Re: Please help: Tomcat problem, Paginating with optimization (Like goggle)

Posted by Piotr Kosiorowski <pk...@gmail.com>.

If I were you I would split 13mln pages in 3 equal or nearly equal
parts and distribute it over backend servers - without going into how
many pages are not correctly indexed in this segments. I would assume
not indexed pages should be distributed equally in all segments. It is
all very rough estimate but when you would like to go into details you
would have to take into account avarage number of tokens in a page in
each segment and probably a distribution of tokens across segments.

So to sum up I would make a rough assumption that all segments have
the same distribution features search speed depends on and try it out
by splitting it into equal parts. And only if it  would not work as
expected I would start to think how to optimize it.
Regards
Piotr



On 5/24/05, yoursoft@freemail.hu <yo...@freemail.hu> wrote:
> Hi Piotr,
> 
> Thank for answer, but I don't understand how to calculate how many
> segments put to one backend?
> How to calculate the page numbers? In my case, there is 13 million pages
> in the segments with segread, but only 7,5 million for searcing 'http'.
> I have 3 backend, and I would like to balance the segments between them.
> On the server I can't use the lukeall tool, becouse there isn't grafical
> interface. To copy all segments to local, and view these with lukeall to
> large work.
> 
> Regards,
> Ferenc
> 
> Piotr Kosiorowski wrotte:
> 
> >Hi Ferenc,
> >
> >'bin/nutch segread -list'  reports number of entries  in fetcher
> >output - so if the data  is not corrupted - it should report total
> >number of entries generated during fetchlist generation. luke on the
> >other hand reports number of documents in lucene index - so it will
> >include all pages that were correctly processed - so it will not
> >report all pages that where not fetched because of errors or pages
> >that were not parsed succesfully etc.  And this is the number returned
> >when you search for "http" because only correctly indexed pages are
> >searchable.
> >Regards
> >Piotr
> >
> >On 5/24/05, yoursoft@freemail.hu <yo...@freemail.hu> wrote:
> >
> >
> >>Dear Chirag and Byron,
> >>
> >>Thanks for suggestion, but I don't have any problem with other
> >>applications under Tomcat.
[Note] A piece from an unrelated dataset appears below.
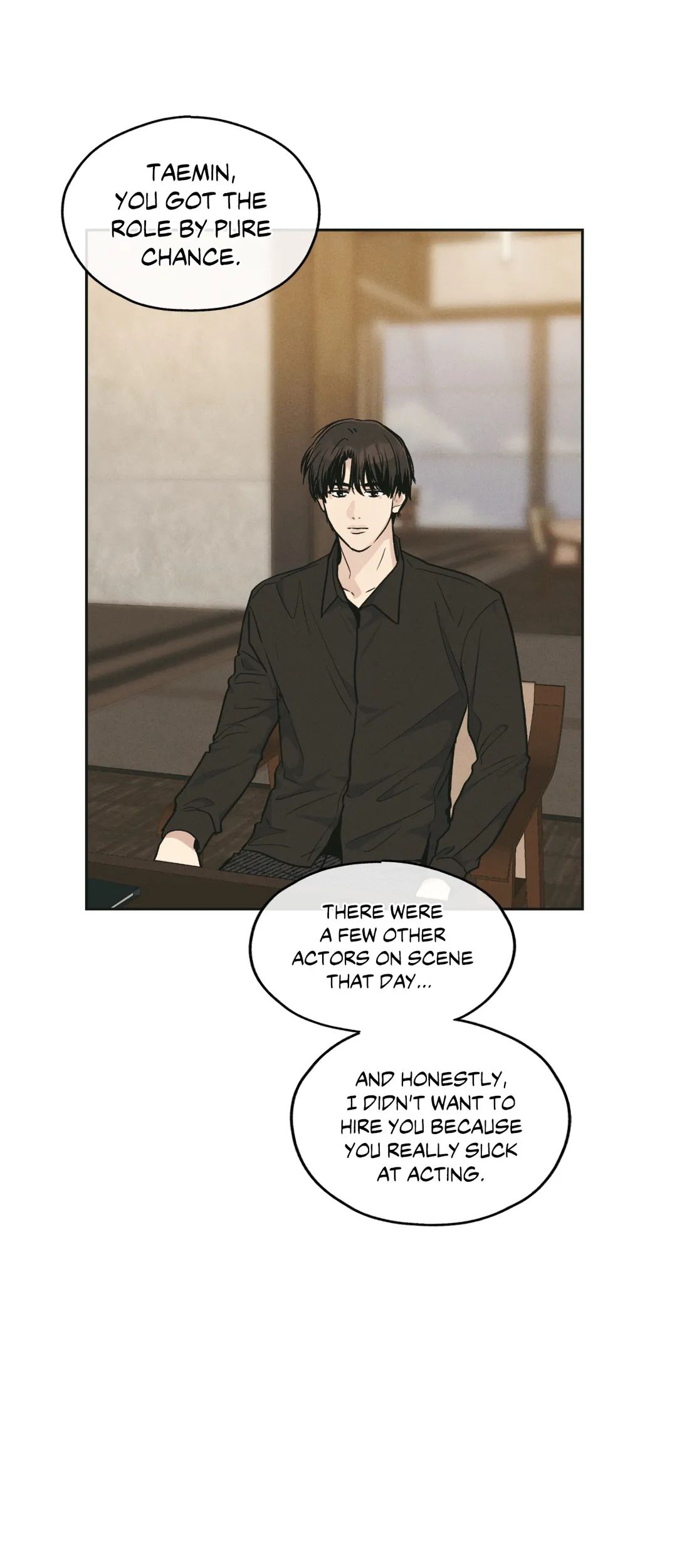 Read Payback (Yaoi) chapter 46 image 18 on Lezhin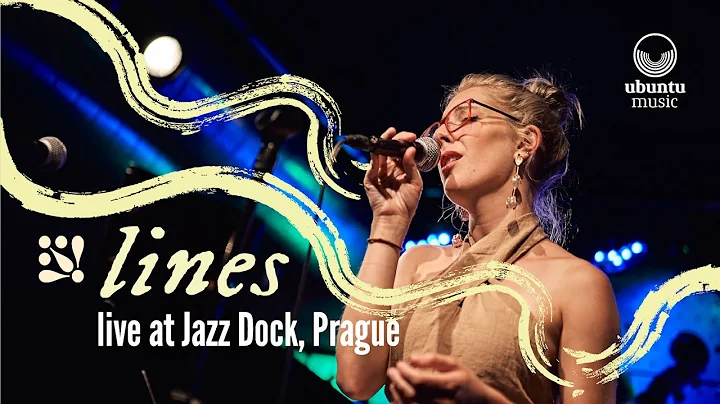 LINES // Allison Wheeler - Live at Jazz Dock, Prague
Problem is occured with only nutch.
> >>There is free version of Resin, this is truly better than Tomcat?
> >>
> >>Dear Chirag, You wrotte that, put 1G memory / 1 million pages to the
> >>backend.
> >>How to calculate the pages number in the segments?
> >>If I use the 'bin/nutch segread -list' tool this is say a segment there
> >>are 500000 pages in it.
> >>If I use 'lukeall.jar' tool it is say there are 420105 records in that
> >>segment.
> >>If I use 'lukeall.jar' undelete function, there are 438000 records in
> >>the same segments.
> >>If I use websearch engine with searching for 'http', this says equal to
> >>'lukeall.jar'.
> >>
> >>What number to use to calculate pages / backend?
> >>
> >>I think my solution of the 'paginating' is better than reported others.
> >>Any comment?
> >>
> >>Thanks, Ferenc
> >>
> >>
> >>
> >
> >
> >
> >
> 
>

Re: Please help: Tomcat problem, Paginating with optimization (Like goggle)
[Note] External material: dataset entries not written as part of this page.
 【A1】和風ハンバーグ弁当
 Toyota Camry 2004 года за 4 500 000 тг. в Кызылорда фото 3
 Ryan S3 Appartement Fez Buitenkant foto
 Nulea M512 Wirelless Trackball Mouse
Posted by "yoursoft@freemail.hu" <yo...@freemail.hu>.

Hi Piotr,

Thank for answer, but I don't understand how to calculate how many 
segments put to one backend?
How to calculate the page numbers? In my case, there is 13 million pages 
in the segments with segread, but only 7,5 million for searcing 'http'.
I have 3 backend, and I would like to balance the segments between them.
On the server I can't use the lukeall tool, becouse there isn't grafical 
interface. To copy all segments to local, and view these with lukeall to 
large work.

Regards,
Ferenc

Piotr Kosiorowski wrotte:

>Hi Ferenc,
>
>'bin/nutch segread -list'  reports number of entries  in fetcher
>output - so if the data  is not corrupted - it should report total
>number of entries generated during fetchlist generation. luke on the
>other hand reports number of documents in lucene index - so it will
>include all pages that were correctly processed - so it will not
>report all pages that where not fetched because of errors or pages
>that were not parsed succesfully etc.  And this is the number returned
>when you search for "http" because only correctly indexed pages are
>searchable.
>Regards
>Piotr
>
>On 5/24/05, yoursoft@freemail.hu <yo...@freemail.hu> wrote:
>  
>
>>Dear Chirag and Byron,
>>
>>Thanks for suggestion, but I don't have any problem with other
>>applications under Tomcat. Problem is occured with only nutch.
>>There is free version of Resin, this is truly better than Tomcat?
>>
>>Dear Chirag, You wrotte that, put 1G memory / 1 million pages to the
>>backend.
>>How to calculate the pages number in the segments?
>>If I use the 'bin/nutch segread -list' tool this is say a segment there
>>are 500000 pages in it.
>>If I use 'lukeall.jar' tool it is say there are 420105 records in that
>>segment.
>>If I use 'lukeall.jar' undelete function, there are 438000 records in
>>the same segments.
>>If I use websearch engine with searching for 'http', this says equal to
>>'lukeall.jar'.
>>
>>What number to use to calculate pages / backend?
>>
>>I think my solution of the 'paginating' is better than reported others.
>>Any comment?
>>
>>Thanks, Ferenc
>>
>>    
>>
>
>
>  
>

Re: Please help: Tomcat problem, Paginating with optimization (Like goggle)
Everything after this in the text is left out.